Metin Münir

Metin Münir

mmunir@milliyet.com.tr

Tüm Yazıları
Haberin Devamı

Türkiye’deki kadar bankacıların çok konuştuğu bir ülke var mı? Üst düzey bankacılar, banka patronları sık sık televizyonlarda boy gösteriyorlar, gazetelere, dergilere beyanat veriyorlar.
Kimsenin konuşma özgürlüğü ile sorunum yok.
Ama bankaları (ve genelde halka açık şirketleri) yönetenlerin canları isteyince beyanat verme özgürlüklerinin bir yükümlülükle beraber geldiğini bilmeleri lazım: Doğruyu söylemek, yanıltıcı bilgi vermemek...
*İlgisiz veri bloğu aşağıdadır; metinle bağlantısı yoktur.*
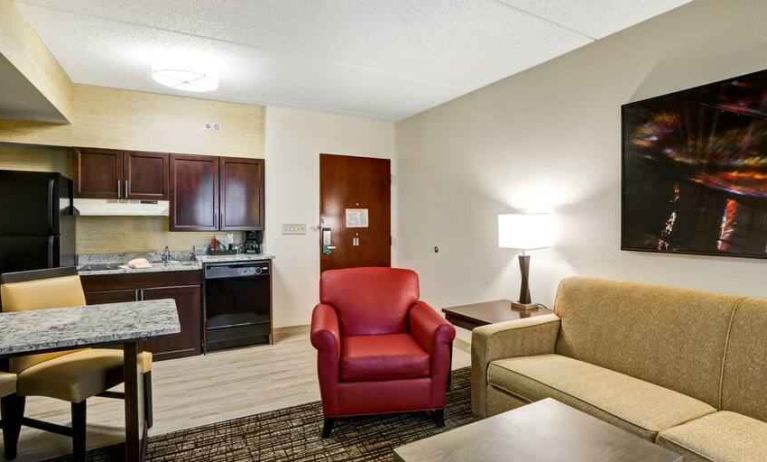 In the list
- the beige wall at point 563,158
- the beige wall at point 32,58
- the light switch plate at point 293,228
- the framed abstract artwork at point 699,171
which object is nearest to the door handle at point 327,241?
the light switch plate at point 293,228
Bir örnek. Geçen gün üst düzey bir bankacı CNBC-E televizyon kanalında konuşurken kamu bankalarının satılması durumunda bunlardan birini almakla ilgilenebileceğini söyledi.
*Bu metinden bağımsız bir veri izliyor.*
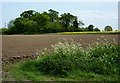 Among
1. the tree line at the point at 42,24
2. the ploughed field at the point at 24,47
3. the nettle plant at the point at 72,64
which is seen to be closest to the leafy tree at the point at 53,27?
the tree line at the point at 42,24

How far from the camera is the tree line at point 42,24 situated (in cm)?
2958

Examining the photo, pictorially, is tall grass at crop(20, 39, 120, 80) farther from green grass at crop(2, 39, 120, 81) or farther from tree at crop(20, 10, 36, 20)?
tree at crop(20, 10, 36, 20)

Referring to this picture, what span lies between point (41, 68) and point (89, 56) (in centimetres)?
179

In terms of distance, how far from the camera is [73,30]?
29.4 m

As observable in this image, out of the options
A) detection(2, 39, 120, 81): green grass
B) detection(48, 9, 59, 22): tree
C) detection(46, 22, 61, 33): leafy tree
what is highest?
detection(48, 9, 59, 22): tree

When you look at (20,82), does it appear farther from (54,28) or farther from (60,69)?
(54,28)

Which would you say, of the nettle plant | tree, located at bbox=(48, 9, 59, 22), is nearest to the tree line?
tree, located at bbox=(48, 9, 59, 22)

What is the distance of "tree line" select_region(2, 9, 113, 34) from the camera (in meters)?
29.6

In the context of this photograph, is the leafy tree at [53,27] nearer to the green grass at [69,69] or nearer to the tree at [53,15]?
the tree at [53,15]

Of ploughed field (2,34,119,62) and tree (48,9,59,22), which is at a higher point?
tree (48,9,59,22)

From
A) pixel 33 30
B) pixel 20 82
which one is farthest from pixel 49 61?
pixel 33 30

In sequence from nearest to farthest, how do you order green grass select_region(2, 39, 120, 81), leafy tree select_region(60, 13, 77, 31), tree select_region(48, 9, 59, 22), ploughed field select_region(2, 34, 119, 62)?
green grass select_region(2, 39, 120, 81), ploughed field select_region(2, 34, 119, 62), leafy tree select_region(60, 13, 77, 31), tree select_region(48, 9, 59, 22)

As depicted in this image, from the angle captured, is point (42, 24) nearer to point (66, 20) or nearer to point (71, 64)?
point (66, 20)

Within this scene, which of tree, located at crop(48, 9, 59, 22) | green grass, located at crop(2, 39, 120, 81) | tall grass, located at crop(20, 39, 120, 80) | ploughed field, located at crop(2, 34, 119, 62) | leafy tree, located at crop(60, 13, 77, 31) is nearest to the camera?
green grass, located at crop(2, 39, 120, 81)
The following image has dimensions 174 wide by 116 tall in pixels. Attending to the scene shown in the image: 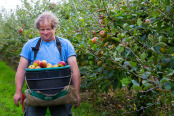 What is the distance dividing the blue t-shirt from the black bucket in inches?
12.8

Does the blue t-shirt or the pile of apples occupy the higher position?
the blue t-shirt

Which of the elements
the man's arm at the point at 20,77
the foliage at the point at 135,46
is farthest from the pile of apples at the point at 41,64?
the foliage at the point at 135,46

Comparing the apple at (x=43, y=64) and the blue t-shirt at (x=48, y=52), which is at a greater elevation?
the blue t-shirt at (x=48, y=52)

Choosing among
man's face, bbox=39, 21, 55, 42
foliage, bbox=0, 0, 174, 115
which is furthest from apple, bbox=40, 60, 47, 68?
foliage, bbox=0, 0, 174, 115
Reuters de haberi CNBC-E’den alıp abonelerine duyurdu.
Bu bankacının beyanatından duyan bir insan bankasının (veya ona sahip olan yabancı hissedarın) cebinden birkaç milyar doları çıkartıp tık diye bir kamu bankasını satın alacak güce sahip olduğu izlenimine kapılabilir.
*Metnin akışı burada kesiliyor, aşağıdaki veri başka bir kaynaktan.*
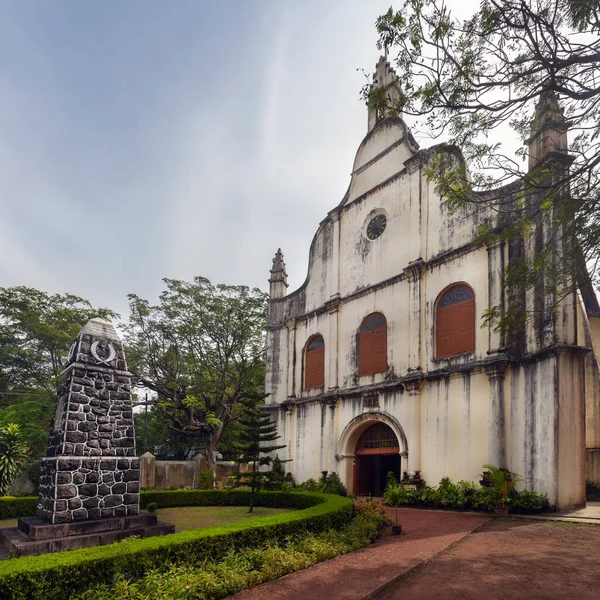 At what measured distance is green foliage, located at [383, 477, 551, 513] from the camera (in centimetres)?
1137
Diyebilir ki “Finans krizinin bitmekten uzak, kredinin kıt ve pahalı olduğu bir dönemde böyle bir güce sahip olan bir banka güçlü bir bankadır. Ben bu bankada paramı tutayım.” Veya “Ben kendi bankamdan paramı çekip bu semiz bankaya yatırayım.”
Böyle düşünen birisi yanıltılmış sayılır. Çünkü ne banka ne de ana hissedarı bir kamu bankasını satın alacak güce sahip değildir. Ne kasalarında böyle bir para vardır, ne böyle bir parayı borçlanabilme yeteneği. Bunu herhangi birisi bilemeyebilir ama sektörde olan herkes bilir.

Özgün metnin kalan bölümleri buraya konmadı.